When reviewing, dissecting and analysing the fine print of these waivers, what we often see are three weaknesses that make the contract not worth the paper it is written on:
- Poor drafting
- Improper implementation
- Conflict with legislation.
Poor drafting
When courts interpret exclusion clauses they attribute ordinary meanings to the words and terms. So it’s important to know that vague, unclear or uncertain wording can go against the party that seeks to rely on it and in favour of the weaker party that needs protection.

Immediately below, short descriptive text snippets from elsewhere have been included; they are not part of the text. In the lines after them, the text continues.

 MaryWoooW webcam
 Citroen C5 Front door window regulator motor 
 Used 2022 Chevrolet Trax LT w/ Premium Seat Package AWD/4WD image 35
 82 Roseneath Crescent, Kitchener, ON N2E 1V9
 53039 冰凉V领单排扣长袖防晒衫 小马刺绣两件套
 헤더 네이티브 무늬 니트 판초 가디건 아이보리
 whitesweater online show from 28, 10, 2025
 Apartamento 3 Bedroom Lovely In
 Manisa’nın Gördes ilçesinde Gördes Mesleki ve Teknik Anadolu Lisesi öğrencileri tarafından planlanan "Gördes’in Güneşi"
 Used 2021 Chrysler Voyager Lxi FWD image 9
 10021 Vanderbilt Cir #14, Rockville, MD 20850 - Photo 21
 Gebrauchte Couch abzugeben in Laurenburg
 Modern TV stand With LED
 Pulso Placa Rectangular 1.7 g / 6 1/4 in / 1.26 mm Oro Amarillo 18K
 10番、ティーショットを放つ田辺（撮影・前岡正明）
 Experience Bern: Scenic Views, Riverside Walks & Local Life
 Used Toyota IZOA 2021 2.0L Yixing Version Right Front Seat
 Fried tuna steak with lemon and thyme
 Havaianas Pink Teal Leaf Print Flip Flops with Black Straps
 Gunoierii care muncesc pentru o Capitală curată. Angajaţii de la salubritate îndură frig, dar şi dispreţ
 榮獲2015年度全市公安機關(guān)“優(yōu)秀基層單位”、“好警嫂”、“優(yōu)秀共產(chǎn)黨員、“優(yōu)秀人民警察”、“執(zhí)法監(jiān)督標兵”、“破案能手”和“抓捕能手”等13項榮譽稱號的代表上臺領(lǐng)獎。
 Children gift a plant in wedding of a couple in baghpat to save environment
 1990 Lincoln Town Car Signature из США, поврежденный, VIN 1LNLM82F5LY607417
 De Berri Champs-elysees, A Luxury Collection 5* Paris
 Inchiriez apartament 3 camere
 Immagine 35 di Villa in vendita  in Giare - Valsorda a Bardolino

Poor drafting can also result in a conflict with State and Federal laws that can render the waiver void due to overreach. The Australian Consumer Law (Section 139A) limits liability exclusions in contracts for recreational services to “personal injury and death” only. Listing broader exclusions such as “injury, loss, damage, death, economic loss whatsoever” will render the waiver void, as seen in a recent case.
Similarly, a contractual release clause will likely be struck down if it fails to fully explain or to properly identify the risks of the activity.
Improper implementation
Contract lawyers are taught early on that timing is critical for contractual efficacy. Adding in a contractual release clause after a contract has been entered into just will not fly in court.
One well known example is the seminal decision handed down by the English courts in 1970 in Thornton v Shoe Lane Parking [1970] EWCA Civ 2. Because the car park operator displayed the liability exclusions at the exit to the car park, the court ruled that these terms were invalid as they had not been agreed to at the time the contract was formed – which was deemed to be when the customer took a ticket from the machine on entry.
Similarly, there’s no point in a business operator accepting an online booking and payment and then asking a customer to sign a waiver form on the day of the activity – it will usually be way too late by then.
How waivers are explained is also critical to their efficacy or otherwise – which can throw up plenty of challenges for business operators in terms of staff shortages and insufficient training. Simply put, customers need to know what they are signing and its implications. One instance that comes to mind is Lormine v Xuereb [2006] NSWCA 200, where a customer on a dolphin watching cruise was asked to tick a box and initial a form as a “head count” requirement, where in fact the form was a waiver. After being badly injured from a freak wave while sitting on the bow of the boat, the Plaintiff was successful in her claim both at trial and on appeal, despite having signed the document, as the nature of the form had been misrepresented by the tour operator.
Conflict with legislation
As mentioned above, the Australian Consumer Law (Sec 139A) provides that recreational service providers can limit their liability for personal injury or death only, not property or financial loss.
For example, the Alameddine v Glenworth Valley Riding Pty Ltd [2015] NSWCA 210 case resulted in the waiver being struck down because it went further than excluding liability for injury or death, citing exclusions for “injury, loss, damage, death, economic loss whatsoever”.
A waiver signed for or on behalf of someone under 18 is also problematic. Because a parent or guardian can only bind a minor to a contract where it is for their benefit, a contract containing exclusion clauses is unlikely to be seen as beneficial. The result is that the chances of a contractual waiver denying an injured child the opportunity to pursue compensation for a negligently inflicted injury, are generally slim indeed.
In summary
Waivers are an everyday feature of engaging in recreational services and facilities, but unless they are carefully crafted, expertly entered into and their terms consistent with State and Federal laws, they are unlikely to prevent a deserving plaintiff succeeding in their claim.